The truth is, much of what we see online is a carefully curated highlight reel, not the full, messy, human story. The flawless family vacation photos don’t show the airport meltdowns, and the beautifully organized homes don’t reveal the piles of laundry just out of frame. This unrealistic portrayal creates an immense, invisible pressure to live up to a standard that simply does not exist. Even though, on some level, we all understand this, our constant exposure to such fictitious images creates a silent competition where everyone is pretending to be a winner, and the prize is an empty feeling of inadequacy.
Breaking away from this Stampede To Nowhere is not about cultivating complacency or relinquishing goals, it is about defining our endeavors, and the pace of our lives, on our own terms. It is about trading the pursuit of having a life like someone else’s highlight reel for the authentic reality of our own existence.

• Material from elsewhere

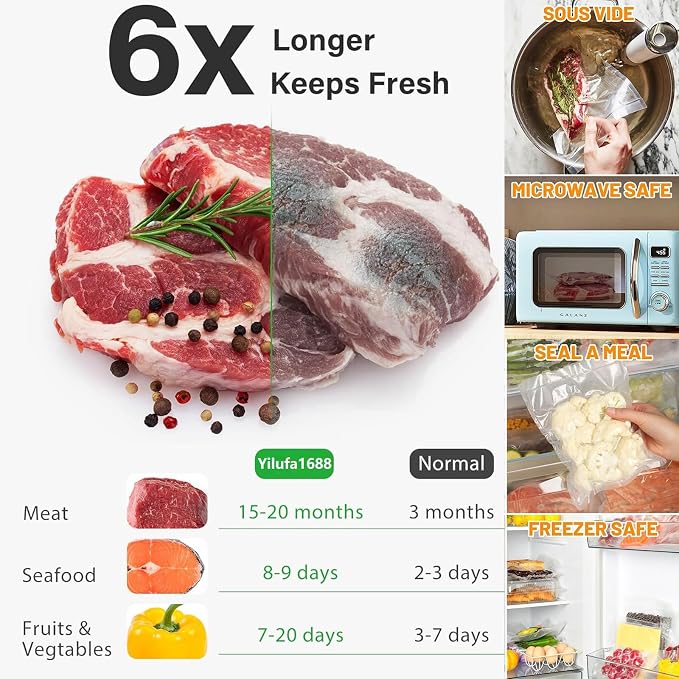 Vacuum Sealer Bags for Food - 50 Count 8"x12" Precut | BPA-Free Commercial Grade | 6X Freshness | Universal Clamp Machine Fit | Ideal for Freezer & Sous Vide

Friends and family are always giving me a hard time about not taking pictures when I’m visiting, or traveling. The truth is, I am often too happily engaged in the experience of being where I am, doing what I’m doing, with whomever I happen to be with, to disrupt the flow by pausing to pose in order to capture the moment. In my experience, by the time the image has been successfully captured, the magic of the moment no longer exists. While there are times when I may regret not having photos to look back on, I would much rather enjoy my sunsets, thank you very much, without needing to snap a pic to post in order to validate the experience.
Strained mental health, sky-rocketing anxiety and social distress are real world problems that are a fairly new phenomenon in our daily lives—and not coincidentally in direct correlation to our increasing consumption of social media. For all the hype about cell phone use and the internet “keeping people connected,” the truth is, real life isn’t lived only from the neck up, or when focused on external validation instead of internal motivation.
We make excuses when we let others down, or don’t have the energy to be truly present with those we love—begging off with a defense justified by our fatigue. And the insanity just keeps on going as we shrug and validate each other’s busyness (craziness) with an understanding smile.
As my late husband used to frequently remark, “Life is about choices.” And the truth is, reclaiming our time and peace is actually not all that difficult. My weekend of real connection—the kind that doesn’t require a device, but offers a bandwidth of benefits no cable is capable of handling—was a pleasant reminder of this fact.
Our lives are truly our own to live, and no one else’s. And the pace we are most comfortable with is the only one that truly matters.
The Stampede To Nowhere can end the moment one decides to break away from the herd and stop running.